## Task brief
The answer should hold only the lines from the one containing "digitised image 2" through the one containing "jbl-proflora-co2-taifun-inline-dyfuzor-do-co2-stan-nowy" in the entries below, copied exactly, without pictures.

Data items
[Start of Attachment]

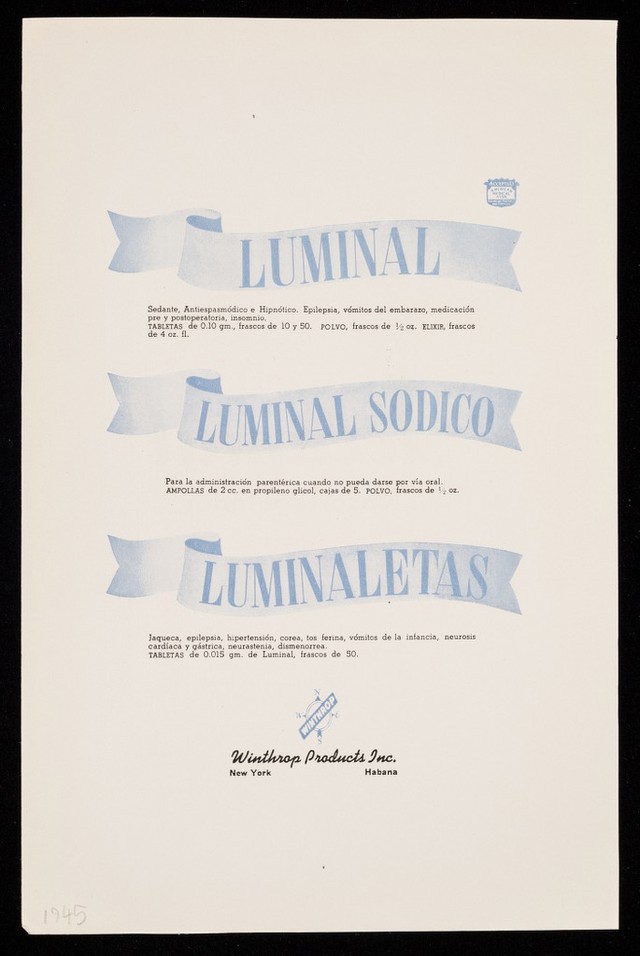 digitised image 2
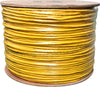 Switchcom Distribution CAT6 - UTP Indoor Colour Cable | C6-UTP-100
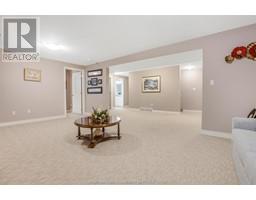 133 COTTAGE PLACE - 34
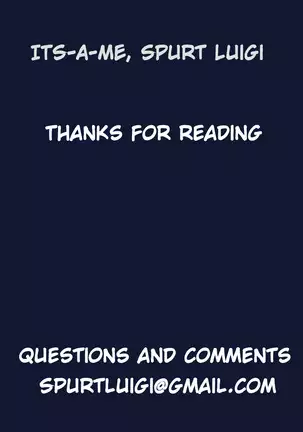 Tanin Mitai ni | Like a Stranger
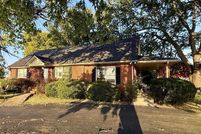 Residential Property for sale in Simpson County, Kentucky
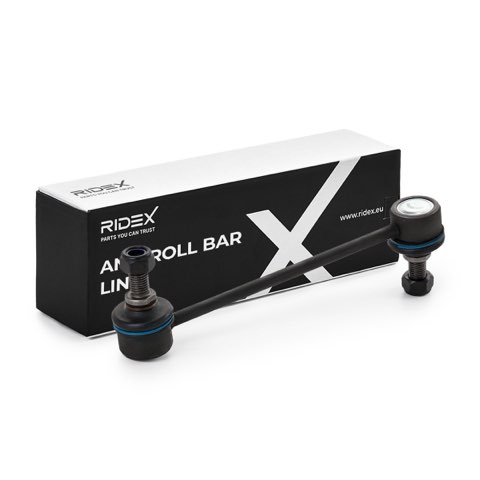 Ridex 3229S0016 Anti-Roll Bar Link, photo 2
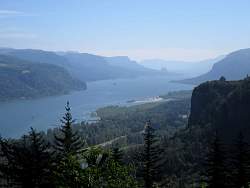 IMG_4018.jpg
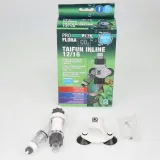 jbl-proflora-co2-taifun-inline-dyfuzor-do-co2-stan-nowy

[End of Attachment]
[Start of Attachment]

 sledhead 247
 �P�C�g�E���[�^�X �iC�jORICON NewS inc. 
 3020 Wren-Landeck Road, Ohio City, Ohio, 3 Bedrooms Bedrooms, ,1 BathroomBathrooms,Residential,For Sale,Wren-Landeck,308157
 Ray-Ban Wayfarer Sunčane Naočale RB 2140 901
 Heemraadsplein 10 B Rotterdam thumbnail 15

[End of Attachment]

## Response box
 digitised image 2
 Switchcom Distribution CAT6 - UTP Indoor Colour Cable | C6-UTP-100
 133 COTTAGE PLACE - 34
 Tanin Mitai ni | Like a Stranger
 Residential Property for sale in Simpson County, Kentucky
 Ridex 3229S0016 Anti-Roll Bar Link, photo 2
 IMG_4018.jpg
 jbl-proflora-co2-taifun-inline-dyfuzor-do-co2-stan-nowy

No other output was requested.